The rule of respondeat superior, Folger, J., said, is based upon the right which the employer has to select his servants, to discharge them if not competent, and to direct and control them while in his employ. In Kelly v. Mayor, 11 N. Y. 436, Selden, J., said that the right of selection lies at the foundation of the responsibility of a master or a principal for the acts of his servant or agent. And in Pack v. Mayor, 8 N. Y. 225, Jewett, J., said:

“The party employing has the selection of the party employed, and It Is reasonable that he who has made choice of an unskillful or careless person to execute his orders should be responsible for an injury resulting from the want of skill or want of care of the person employed; but neither the principle of the rule nor the rule itself can apply to a case where the party sought to be charged does not stand in the relation of master or principal to the party by whose negligent act the injury has been occasioned.”

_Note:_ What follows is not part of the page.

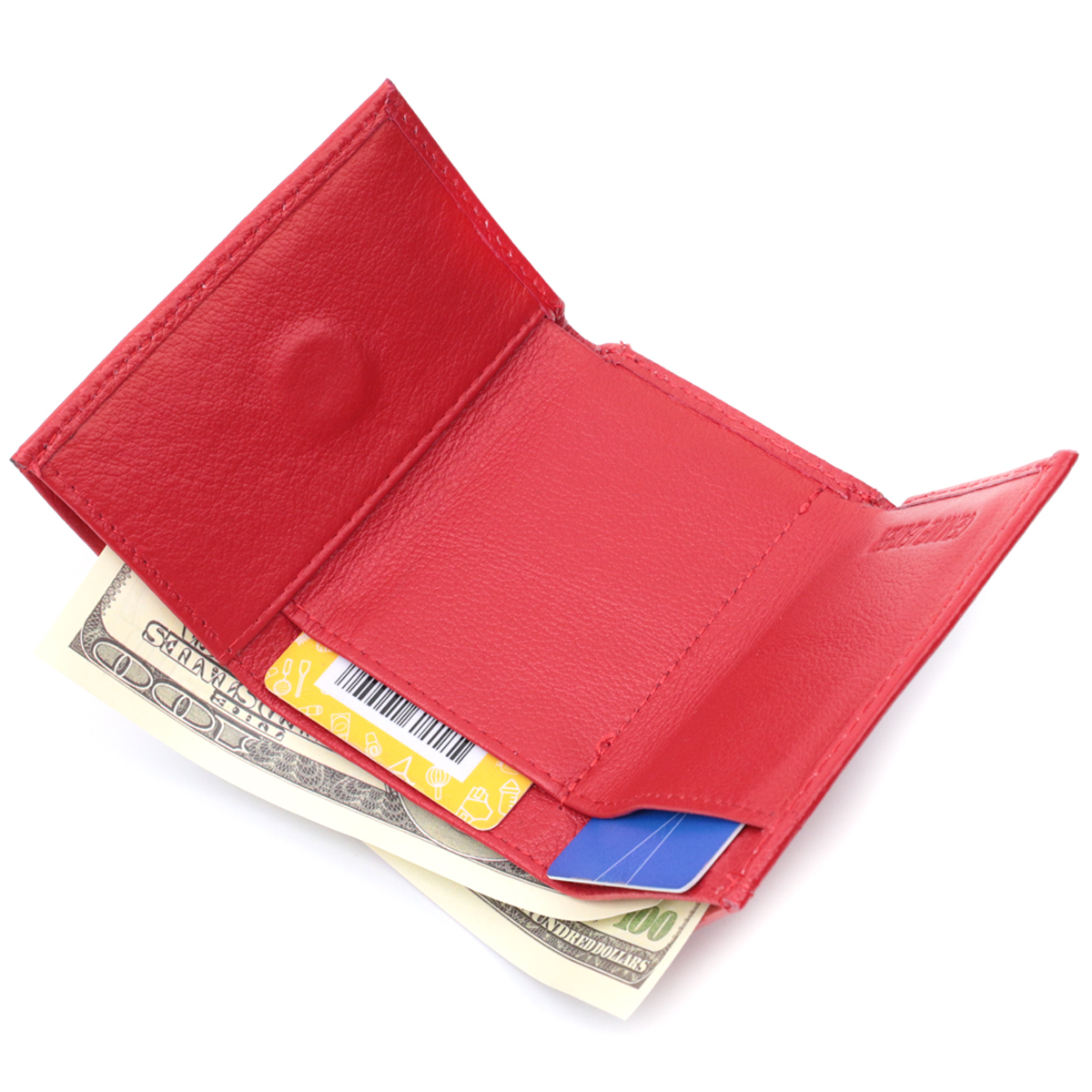 Кошелек женский кожаный St Leather 23086 красный фото7
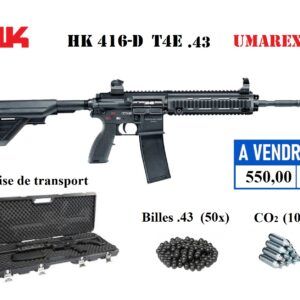 Réplique HK416D T4E .43 - CO2- Umarex Airsoft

As thus defined, neither the city or county can be held liable under the rule of respondeat superior. In the Maxmilian Case there was stated the broad general doctrine that two kinds of duties are imposed on municipal corporations, the one governmental and a branch of the general administration of the government of the state, and the other quasi private or corporate; that in the exercise of the latter duties the municipality is liable for the acts of its officers or agents, while, in the former, it is not. Cullen, J., in Lefrois v. County of Monroe, 57 N. E. 185, 50 L. R. A. 206.

The record shows that the occupancy of the building by the city is either wholly for governmental purposes, being rooms for the boards of councilmen and aldermen, or for officers of the corporation whose duties pertain to both governmental and “quasi private or corporate” purposes. The occupancy by the county is wholly for the courts or by county officers whose duties pertain to the governmental affairs of the county. In any view of the case the county cannot be held liable. Lefrois v. County of Monroe, 162 N. Y. 563, 57 N. E. 185, 50 L. R. A. 206; Markey v. County of Queens, 154 N. Y. 675, 49 N. E. 71, 39 L. R. A. 46; Hughes v. County of Monroe, 147 N. Y. 49, 41 N. E. 407, 39 L. R. A. 33. In the Hughes Case it was unsuccessfully sought to hold the county of Monroe liable for an accident occurring to an employé in the insane asylum, and in the Lefrois Case for the acts of the officials of the county in permitting sewage and night soil from a penitentiary and almshouse to be spread over the county farm, thereby creating and continuing a nuisance to the damage of the land and stock of a neighboring owner. In the Markey Case it was held that the county was not liable at the suit of a private individual who received injuries from a defective bridge, with the maintenance of which the county was chargeable. In the latter case, as stated in the syllabus, it is held that there is a distinction between counties as civil divisions of the state for purposes of local government and chartered municipal corporations in respect to their liability for corporate acts. And in the opinion of the court, per Gray, J., the rule is broadly stated that counties “were created for the better and more convenient government of the state, and that both upon authority and upon principle, in the exercise of those powers which appertain to local government, and which are for the public benefit, they should be no more liable for damages resulting therefrom, at the suit of a private individual, than would be the state itself.”

The judgment should be reversed, and a new trial granted upon questions of law only.

Judgment and order reversed, and a new trial ordered, with costs to the appellant to abide the event, on questions of law only. All concur.